Netcraft has developed a dataset which shows the hosting locations of the million busiest websites, as determined by visits from users of the Netcraft Anti-Phishing Extension . The dataset gives a guide to the market share of companies hosting the sites responsible for the great majority of web traffic, and is uninfluenced by parked domains, personal sites, shared hosting accounts or the majority of blogs. Although the top 1000 sites are concentrated amongst the web superpowers, Google, Microsoft, Facebook and Amazon, the hosting locations of the top million sites are widely fragmented.
The dataset is presented in an Excel spreadsheet and provides a variety of different filters and selections. Using the dataset, a hosting company can identify its relative position and closest competitors in each of the top 10,000, 100,000 and million tiers of site traffic, and also by region, country, and operating system.

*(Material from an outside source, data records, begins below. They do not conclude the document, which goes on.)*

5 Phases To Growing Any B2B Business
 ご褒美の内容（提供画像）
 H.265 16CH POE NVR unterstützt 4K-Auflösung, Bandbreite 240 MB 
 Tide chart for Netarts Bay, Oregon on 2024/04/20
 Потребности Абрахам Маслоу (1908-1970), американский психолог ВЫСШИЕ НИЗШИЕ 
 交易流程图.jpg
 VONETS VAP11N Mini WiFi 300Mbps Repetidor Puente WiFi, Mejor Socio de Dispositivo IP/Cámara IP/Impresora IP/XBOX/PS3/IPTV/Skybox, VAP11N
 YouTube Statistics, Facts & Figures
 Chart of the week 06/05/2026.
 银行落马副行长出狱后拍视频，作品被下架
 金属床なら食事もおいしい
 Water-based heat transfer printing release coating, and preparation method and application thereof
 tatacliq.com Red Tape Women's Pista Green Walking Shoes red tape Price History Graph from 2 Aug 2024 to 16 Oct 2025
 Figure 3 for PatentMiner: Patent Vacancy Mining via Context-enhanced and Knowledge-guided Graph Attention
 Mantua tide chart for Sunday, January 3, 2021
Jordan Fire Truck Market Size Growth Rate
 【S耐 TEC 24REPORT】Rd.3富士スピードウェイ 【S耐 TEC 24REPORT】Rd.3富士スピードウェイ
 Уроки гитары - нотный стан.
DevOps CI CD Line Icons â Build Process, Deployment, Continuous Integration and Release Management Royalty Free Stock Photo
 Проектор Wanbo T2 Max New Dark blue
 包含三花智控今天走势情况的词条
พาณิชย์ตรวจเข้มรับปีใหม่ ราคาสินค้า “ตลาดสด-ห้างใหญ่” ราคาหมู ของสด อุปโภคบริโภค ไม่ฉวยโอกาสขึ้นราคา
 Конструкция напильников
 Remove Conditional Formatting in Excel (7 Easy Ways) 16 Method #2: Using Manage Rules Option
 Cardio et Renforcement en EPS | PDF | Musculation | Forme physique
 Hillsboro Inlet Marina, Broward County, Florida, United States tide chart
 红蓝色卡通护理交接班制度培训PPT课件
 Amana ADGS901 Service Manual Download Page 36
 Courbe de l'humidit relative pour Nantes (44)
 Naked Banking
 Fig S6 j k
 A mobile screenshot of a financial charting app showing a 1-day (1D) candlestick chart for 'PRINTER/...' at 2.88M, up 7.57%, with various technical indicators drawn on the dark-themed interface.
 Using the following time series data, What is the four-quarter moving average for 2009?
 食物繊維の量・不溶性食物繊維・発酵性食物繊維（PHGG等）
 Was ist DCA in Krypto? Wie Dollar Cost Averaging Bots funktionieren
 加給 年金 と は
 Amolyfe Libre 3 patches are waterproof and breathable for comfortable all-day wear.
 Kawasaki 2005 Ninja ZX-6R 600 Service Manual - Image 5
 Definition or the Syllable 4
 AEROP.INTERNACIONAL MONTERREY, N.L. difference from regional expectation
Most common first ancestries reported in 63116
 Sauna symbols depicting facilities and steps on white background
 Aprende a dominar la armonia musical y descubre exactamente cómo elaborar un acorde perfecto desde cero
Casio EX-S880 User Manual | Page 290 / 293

Data for an individual hosting location can be segmented to show the share it has in each order of magnitude band of site traffic, as shown with Google in this example:
- The dataset does not give access to the underlying web site hostnames. Selections of site details including hostnames, hosting location, operating system, web server software, traffic and content technologies may be purchased separately.
- Accesses by the Netcraft Anti-Phishing Extension user community are used to determine site traffic rating.
- Attributing a site to a hosting location requires successful DNS lookup on a site’s ip address. If a DNS lookup fails then the hosting location will be unknown to us.
The dataset is updated monthly and is available on a company license basis.